しかし、Steve Wilson好きとはいえ全部のリミックス仕事を押さえるつもりはないので、そろそろ『Fragile』をやってくれないものだろうか。

Led Zeppelin 『Houses Of The Holy』 (1973)

Houses of the Holy  [DELUXE EDITION 2CD]

Houses of the Holy [DELUXE EDITION 2CD]

実はZepにもそれほど深い思い入れがないものの、格好良さはわかるつもり。
学生時代にZepのCDを聴いたときには音が悪すぎたので全く聴き返さなかったのだが、今回のリマスターではるかにクリアになり、ようやくIからまともに聴くようになった。
Bluesを換骨奪胎してHard Rockに仕立て上げたことこそJimmy Pageの最大の功績だと思うのだが、「Blues以外の何か」に向かっていった本作以降のZepの方がスリリングである。
Reggae(のパロディ)の「D'yer Mak'er」やFunk(のパロディ)の「The Crunge」も面白いが、「No Quater」こそ白眉。
今回改めて聴いていて今更ながら気がついたのだが「No Quater」はプログレのパロディなのだろうか。

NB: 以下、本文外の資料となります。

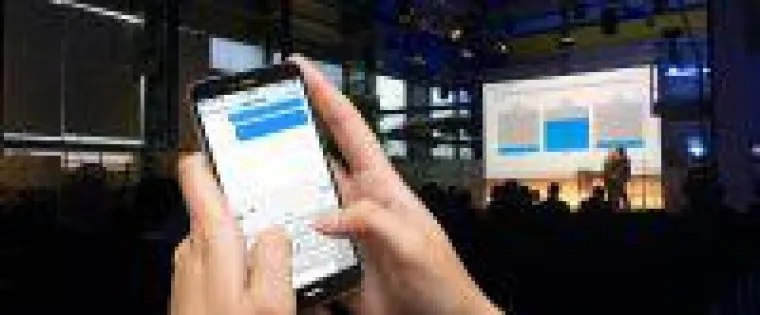 Bild: So denkt das Publikum: SMS-Voting auf Vorträgen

It Bites 『Eat Me In St. Louis』 (1989)

イート・ミー・イン・セントルイス+5(紙ジャケット仕様)

イート・ミー・イン・セントルイス+5(紙ジャケット仕様)

些か唐突な感があるIt Bitesの再発。初期作はちょっとポップすぎて体が受け付けないので本作を。

R&B/Soul

AtlanticのカタログからのReissue、中には地味ながら珍しい初CD化もあり1000円という安価な価格設定も良かった。膨大なカタログの全てがCD化されているわけではなく、今年もこのシリーズ続くといいなあ。
一方でFunky Town GroovesやVinyl Masterpieceのような欧州のReissue専門レーベルの動きが鈍化気味なのはちょっと不安なところ。

ADC Band 『Roll With The Punches』 (1982)

ロール・ウィズ・パンチズ

ロール・ウィズ・パンチズ

デトロイトのファミリーバンドの最終作。これと1stの『Long Stroke』がCD化された。
Johnnie Mae Matthews(オカン)がプロデュースしていたP-Funkワナビーな1stも面白いが、FatbackのBill Curtis & Gerry ThomasをProducerに迎えた本作も80年代初期のファンクという感じで良い。

Sedan 『Sedan』 (1985)

セダン

セダン

この1枚であっさり消えてしまったオハイオの3人組ボーカル・グループ。
この手のサウンドが好きな人にはたまらない、80年代中期のサウンドとマニッシュなボーカル・ワークが素晴らしい。

Stephanie Mills 『Sweet Sensation』 (1980)

スウィート・センセーション

スウィート・センセーション

1980年リリースの4作目。少なくとも90年代に入るまでメジャーで活躍していた息の長いシンガーだが、一番良かったのはJames Mtume & Reggie Lucasが関わったこの時期ではないか。

Tease 『Tease』 (1983)

Tease

Tease

1988年作の『Remember』もReissueされたがあちらは以前にもCD化されていたので、比較的珍しいこちらを。Ollie E. Brownがプロデュースした1stで、しなやかな演奏が瑞々しい。

Rose Royce 『In Full Bloom』 (1977)

バラの妖精

バラの妖精

おそらく20年ぶりのCD化。Motownを辞めたNorman Whitfieldが全力を傾けた秘蔵っ子バンド。
名曲「Wish On A Star」を含む実質的な2nd。続く3rd、5thもこのシリーズでReissueされた。
改めてじっくり聴いてみると演奏力の高さに舌を巻く。

Rafael Cameron

CAMERON'S IN LOVE +4

CAMERON'S IN LOVE +4

南米ガイアナ出身のボーカリストSalsoulからの2nd。Cameron名義の1stも同時期にReissue。
Brass Construction/SkyyのRandy Mullerが手がけており、そういうサウンドである。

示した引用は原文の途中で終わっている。